◆ EXERCISE:
Every line that contains the word "Ford" should be copied from the records below.

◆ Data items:
::::

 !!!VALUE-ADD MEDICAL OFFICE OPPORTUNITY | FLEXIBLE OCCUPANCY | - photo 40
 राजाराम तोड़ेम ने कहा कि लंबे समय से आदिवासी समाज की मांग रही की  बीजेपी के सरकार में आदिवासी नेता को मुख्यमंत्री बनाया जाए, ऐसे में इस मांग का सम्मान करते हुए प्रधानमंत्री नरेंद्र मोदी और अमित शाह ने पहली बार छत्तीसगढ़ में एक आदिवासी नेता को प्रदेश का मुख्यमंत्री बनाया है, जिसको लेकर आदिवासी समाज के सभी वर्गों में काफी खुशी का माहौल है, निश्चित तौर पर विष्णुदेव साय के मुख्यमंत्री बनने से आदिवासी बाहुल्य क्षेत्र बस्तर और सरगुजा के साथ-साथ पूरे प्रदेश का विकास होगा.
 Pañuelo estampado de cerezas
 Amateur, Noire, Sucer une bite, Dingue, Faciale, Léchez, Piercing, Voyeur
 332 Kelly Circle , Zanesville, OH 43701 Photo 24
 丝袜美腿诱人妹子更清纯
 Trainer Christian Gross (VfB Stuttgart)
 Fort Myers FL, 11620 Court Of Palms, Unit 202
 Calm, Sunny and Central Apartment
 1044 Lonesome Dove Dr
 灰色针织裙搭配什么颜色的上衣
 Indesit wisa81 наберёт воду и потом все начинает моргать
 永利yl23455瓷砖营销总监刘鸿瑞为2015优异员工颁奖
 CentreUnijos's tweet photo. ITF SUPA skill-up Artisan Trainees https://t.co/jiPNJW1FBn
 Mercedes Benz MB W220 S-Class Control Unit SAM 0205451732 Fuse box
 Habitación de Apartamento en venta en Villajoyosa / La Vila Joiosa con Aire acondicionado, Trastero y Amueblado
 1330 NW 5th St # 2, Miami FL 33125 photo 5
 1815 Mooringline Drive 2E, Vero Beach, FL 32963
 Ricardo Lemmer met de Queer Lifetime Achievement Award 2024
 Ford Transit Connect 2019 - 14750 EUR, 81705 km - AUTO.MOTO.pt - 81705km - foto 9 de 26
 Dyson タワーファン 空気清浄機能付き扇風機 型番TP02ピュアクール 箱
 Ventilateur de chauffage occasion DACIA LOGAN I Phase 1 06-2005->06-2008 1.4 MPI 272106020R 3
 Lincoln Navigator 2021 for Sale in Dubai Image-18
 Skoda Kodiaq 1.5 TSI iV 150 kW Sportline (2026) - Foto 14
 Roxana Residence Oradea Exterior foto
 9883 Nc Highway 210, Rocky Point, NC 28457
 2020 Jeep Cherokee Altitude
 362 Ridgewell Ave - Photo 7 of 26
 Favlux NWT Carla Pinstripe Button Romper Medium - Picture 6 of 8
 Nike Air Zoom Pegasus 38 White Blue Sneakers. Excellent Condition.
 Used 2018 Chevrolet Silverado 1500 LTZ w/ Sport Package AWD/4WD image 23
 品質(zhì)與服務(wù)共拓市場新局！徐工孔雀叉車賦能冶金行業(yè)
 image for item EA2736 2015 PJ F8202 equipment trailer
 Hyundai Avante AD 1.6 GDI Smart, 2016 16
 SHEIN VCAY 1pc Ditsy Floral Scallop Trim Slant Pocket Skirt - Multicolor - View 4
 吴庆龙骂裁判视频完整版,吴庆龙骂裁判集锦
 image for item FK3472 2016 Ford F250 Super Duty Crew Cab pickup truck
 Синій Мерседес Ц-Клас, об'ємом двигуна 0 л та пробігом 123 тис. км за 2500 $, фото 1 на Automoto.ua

::::

◆ EXERCISE RESPONSE:
 Ford Transit Connect 2019 - 14750 EUR, 81705 km - AUTO.MOTO.pt - 81705km - foto 9 de 26
 image for item FK3472 2016 Ford F250 Super Duty Crew Cab pickup truck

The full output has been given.